• _GIVEN RECORDS_:
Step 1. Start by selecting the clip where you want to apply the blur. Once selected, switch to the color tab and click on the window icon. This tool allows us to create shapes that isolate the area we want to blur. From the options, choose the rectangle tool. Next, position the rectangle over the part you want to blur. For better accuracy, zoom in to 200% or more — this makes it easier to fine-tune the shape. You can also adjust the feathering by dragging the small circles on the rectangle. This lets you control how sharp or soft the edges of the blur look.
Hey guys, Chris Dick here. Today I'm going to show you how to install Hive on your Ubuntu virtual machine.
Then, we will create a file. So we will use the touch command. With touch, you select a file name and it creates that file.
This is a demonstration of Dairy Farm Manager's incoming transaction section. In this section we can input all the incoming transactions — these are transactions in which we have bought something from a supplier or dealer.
--
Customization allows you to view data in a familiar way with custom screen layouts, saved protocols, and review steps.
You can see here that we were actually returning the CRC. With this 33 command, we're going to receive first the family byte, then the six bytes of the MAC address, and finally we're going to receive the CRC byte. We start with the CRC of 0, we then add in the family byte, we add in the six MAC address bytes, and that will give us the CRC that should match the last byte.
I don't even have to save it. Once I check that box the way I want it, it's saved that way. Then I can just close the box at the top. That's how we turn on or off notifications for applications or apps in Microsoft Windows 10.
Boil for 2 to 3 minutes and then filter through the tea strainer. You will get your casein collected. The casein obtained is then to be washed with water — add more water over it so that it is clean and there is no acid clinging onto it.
--
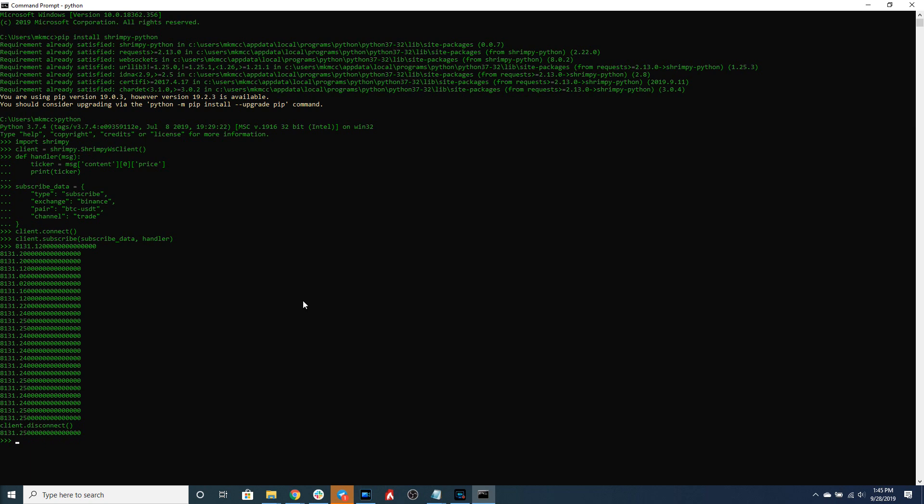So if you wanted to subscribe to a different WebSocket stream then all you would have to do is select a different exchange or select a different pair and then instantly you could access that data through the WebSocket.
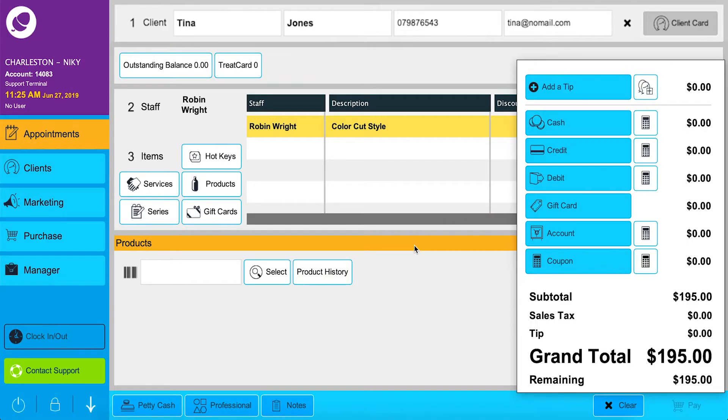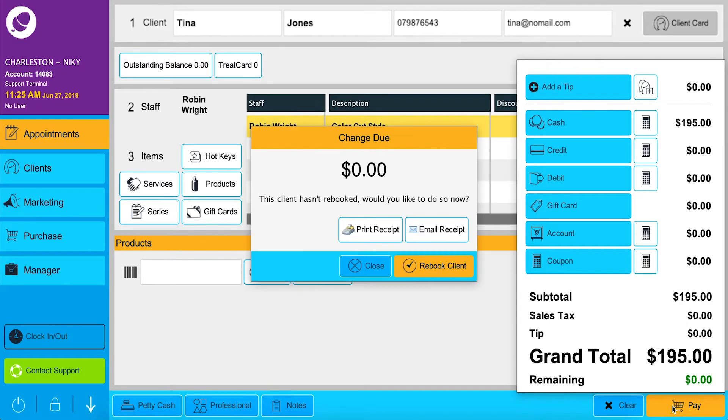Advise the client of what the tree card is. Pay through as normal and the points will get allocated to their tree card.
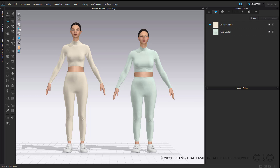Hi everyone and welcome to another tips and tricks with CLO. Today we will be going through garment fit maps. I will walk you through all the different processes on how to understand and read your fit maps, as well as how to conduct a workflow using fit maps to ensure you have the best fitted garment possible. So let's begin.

• _TASK PROMPT_: Set down again, word for word, the stretch of records from the line with "Step 1. Start" to the line with "This is a demonstration", both of those lines included.

• _OUTPUT OF THE TASK_:
Step 1. Start by selecting the clip where you want to apply the blur. Once selected, switch to the color tab and click on the window icon. This tool allows us to create shapes that isolate the area we want to blur. From the options, choose the rectangle tool. Next, position the rectangle over the part you want to blur. For better accuracy, zoom in to 200% or more — this makes it easier to fine-tune the shape. You can also adjust the feathering by dragging the small circles on the rectangle. This lets you control how sharp or soft the edges of the blur look.
Hey guys, Chris Dick here. Today I'm going to show you how to install Hive on your Ubuntu virtual machine.
Then, we will create a file. So we will use the touch command. With touch, you select a file name and it creates that file.
This is a demonstration of Dairy Farm Manager's incoming transaction section. In this section we can input all the incoming transactions — these are transactions in which we have bought something from a supplier or dealer.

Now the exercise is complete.